─── Available data
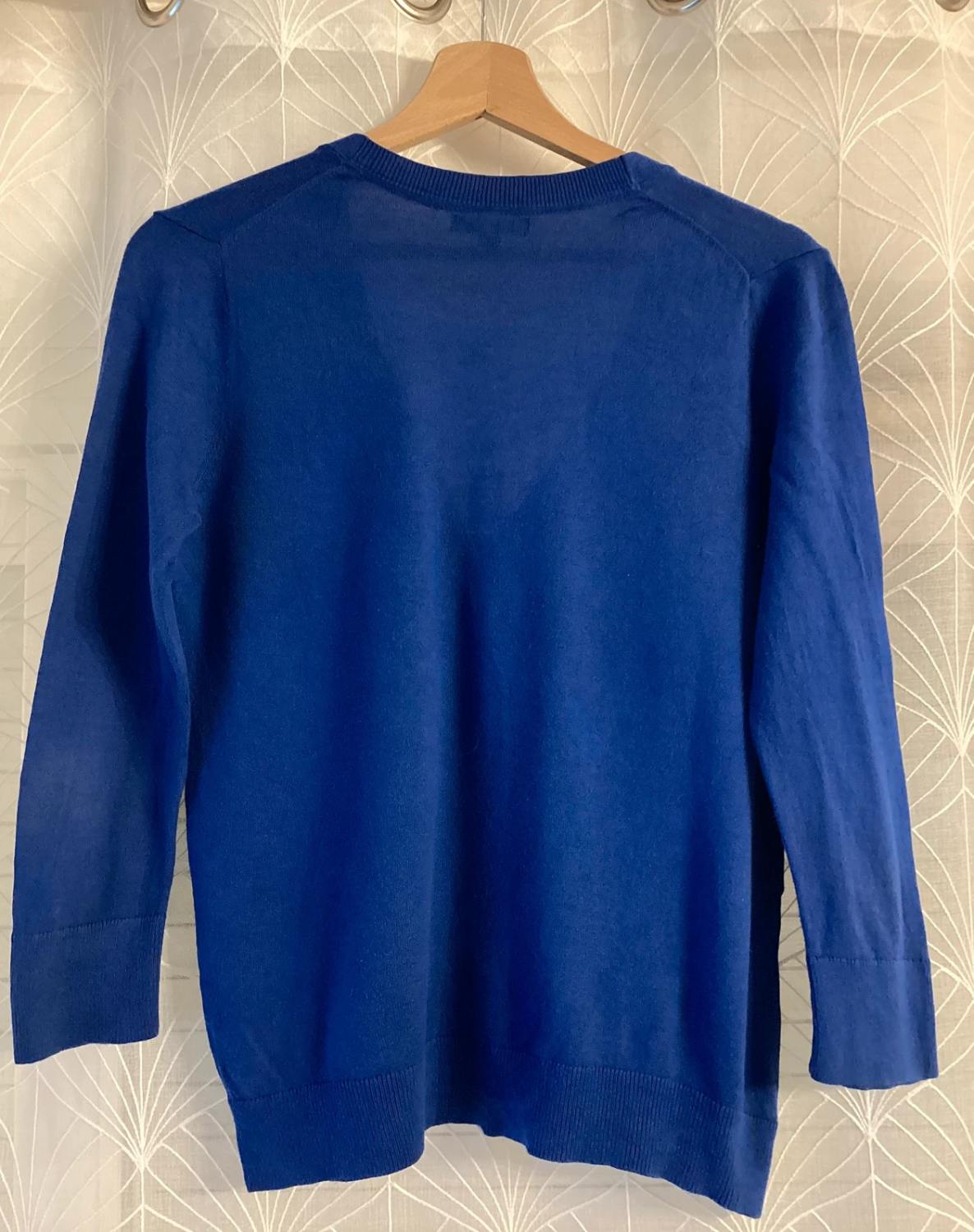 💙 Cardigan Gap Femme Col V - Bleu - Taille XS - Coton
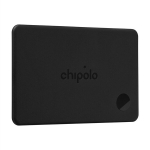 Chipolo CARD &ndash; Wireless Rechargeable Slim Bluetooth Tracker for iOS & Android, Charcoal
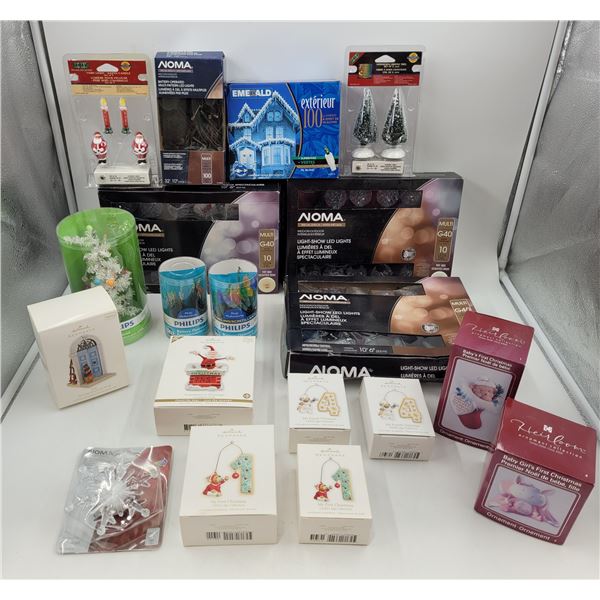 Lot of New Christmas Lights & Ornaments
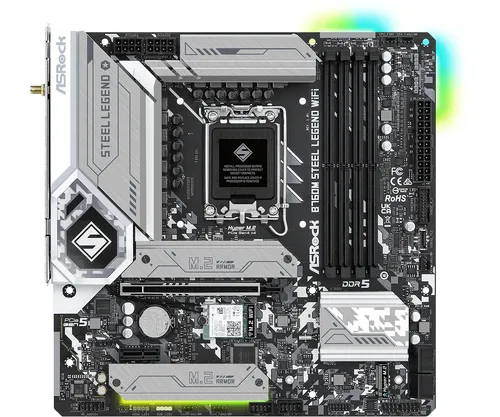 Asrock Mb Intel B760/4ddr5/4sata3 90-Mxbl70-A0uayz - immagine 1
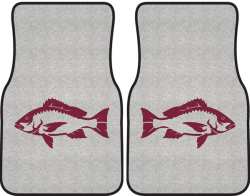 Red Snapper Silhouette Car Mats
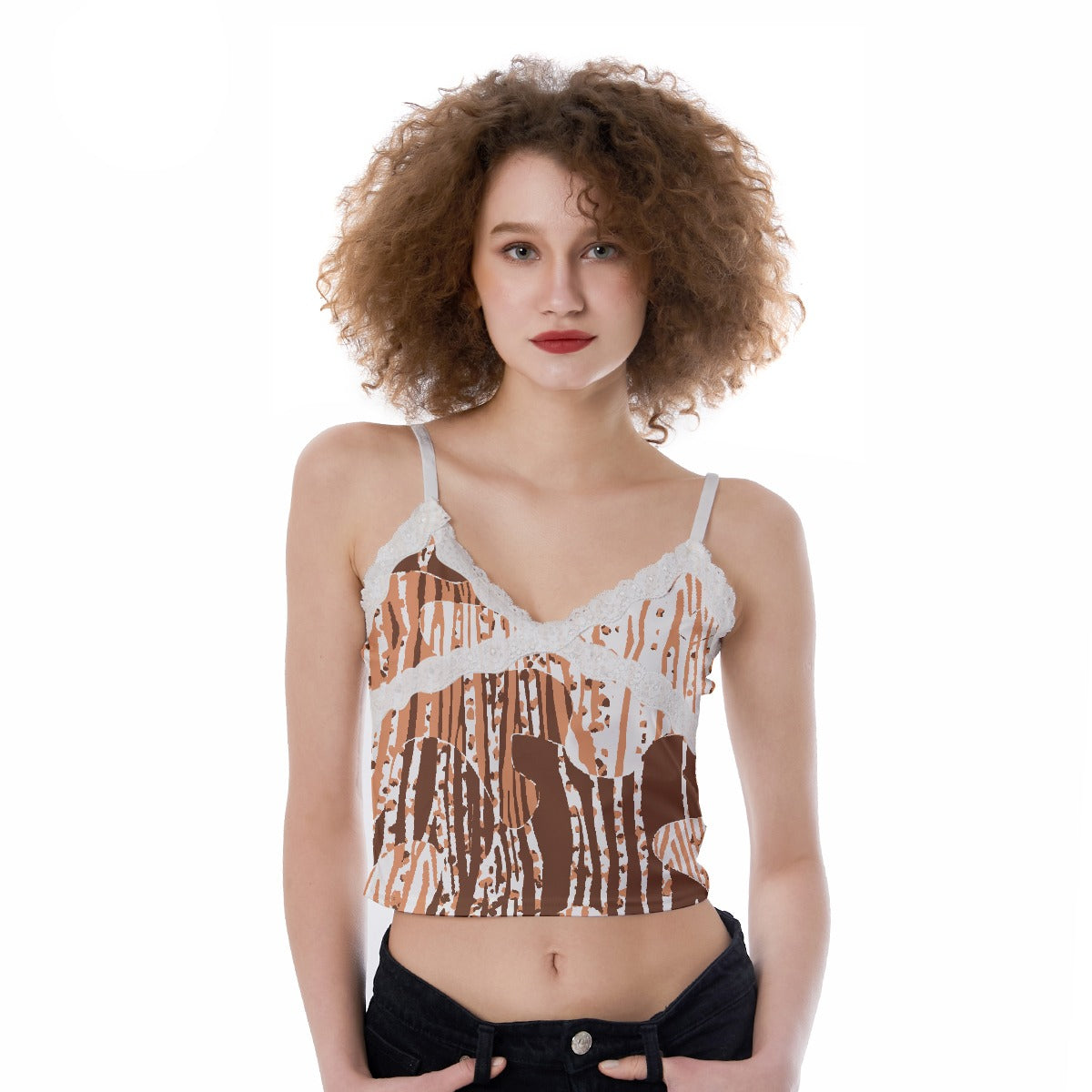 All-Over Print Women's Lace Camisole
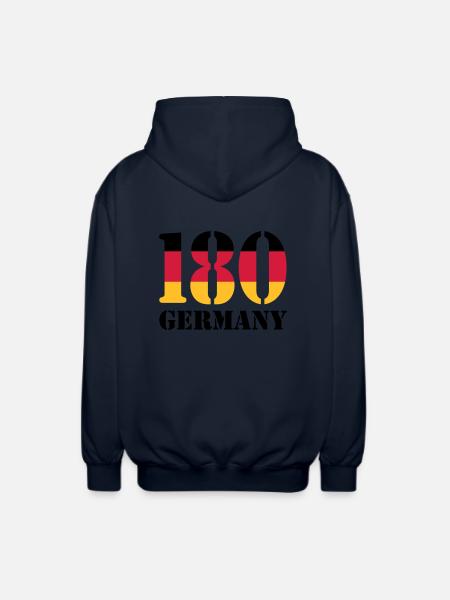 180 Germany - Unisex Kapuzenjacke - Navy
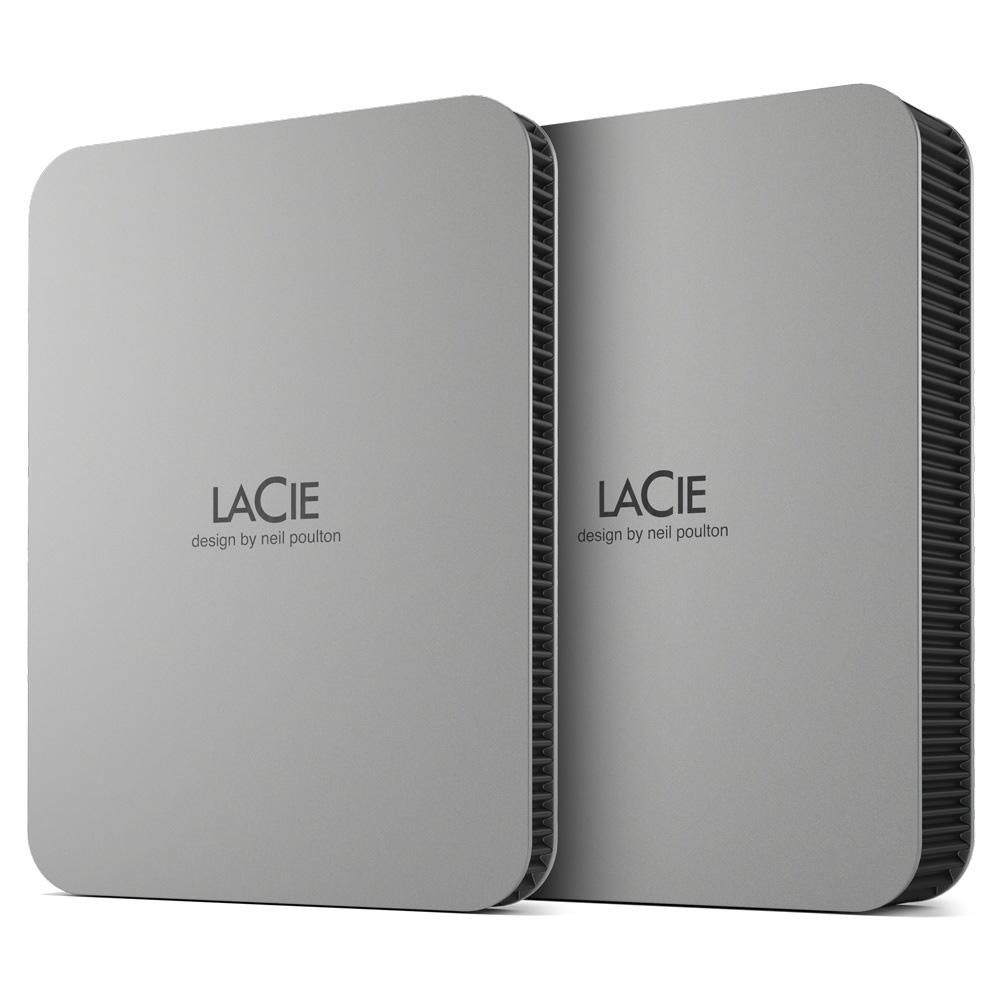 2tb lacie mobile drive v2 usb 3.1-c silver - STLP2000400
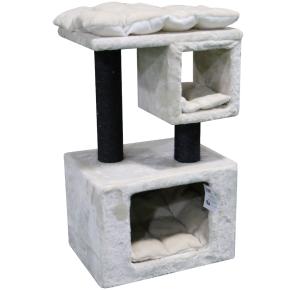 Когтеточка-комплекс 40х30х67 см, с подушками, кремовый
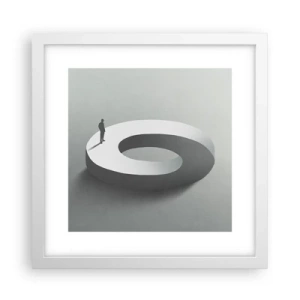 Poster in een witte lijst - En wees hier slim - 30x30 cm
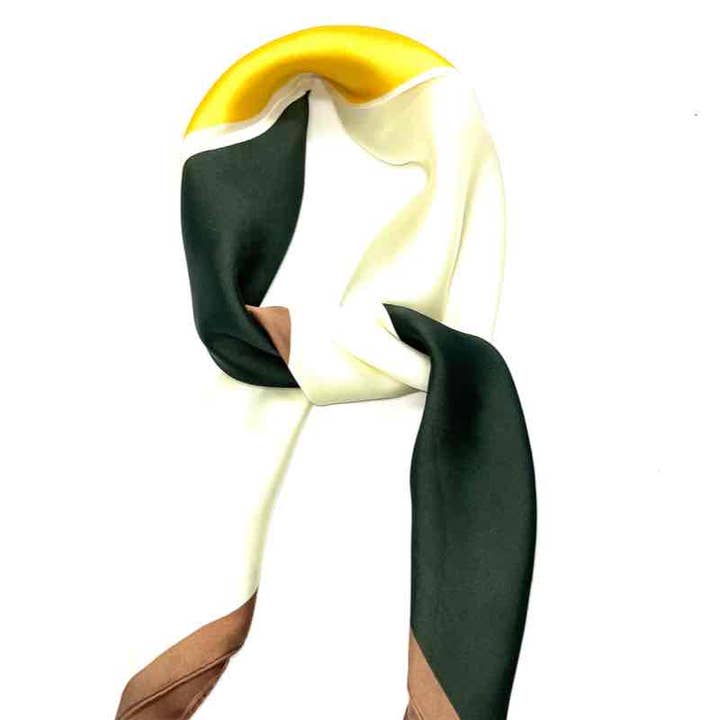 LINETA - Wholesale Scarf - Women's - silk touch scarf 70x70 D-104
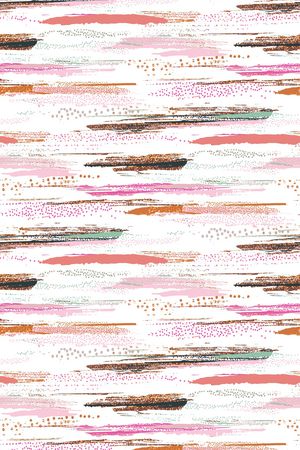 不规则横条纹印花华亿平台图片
──────
Directions for this task:
What is needed is an exact repetition of every line from the line with "Когтеточка-комплекс 40х30х67 см, с" to the end of the data above, both ends included, with no pictures.

Answer section:
 Когтеточка-комплекс 40х30х67 см, с подушками, кремовый
 Poster in een witte lijst - En wees hier slim - 30x30 cm
 LINETA - Wholesale Scarf - Women's - silk touch scarf 70x70 D-104
 不规则横条纹印花华亿平台图片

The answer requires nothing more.